Listed entries Block Start

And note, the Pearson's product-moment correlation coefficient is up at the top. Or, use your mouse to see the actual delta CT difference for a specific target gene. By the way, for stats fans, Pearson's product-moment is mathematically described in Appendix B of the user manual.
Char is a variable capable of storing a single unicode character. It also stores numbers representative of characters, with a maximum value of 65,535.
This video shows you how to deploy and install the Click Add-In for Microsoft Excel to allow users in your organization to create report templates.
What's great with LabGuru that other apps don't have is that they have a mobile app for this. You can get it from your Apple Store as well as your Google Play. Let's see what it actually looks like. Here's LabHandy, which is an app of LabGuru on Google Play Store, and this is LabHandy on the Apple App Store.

Listed entries Block End
Listed entries Block Start

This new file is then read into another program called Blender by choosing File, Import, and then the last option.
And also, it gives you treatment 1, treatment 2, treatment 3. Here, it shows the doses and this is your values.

Listed entries Block End

■ Task details ■
All the lines that hold the word "shows" must appear in the answer, copied from the records.

■ Reply ■
This video shows you how to deploy and install the Click Add-In for Microsoft Excel to allow users in your organization to create report templates.
And also, it gives you treatment 1, treatment 2, treatment 3. Here, it shows the doses and this is your values.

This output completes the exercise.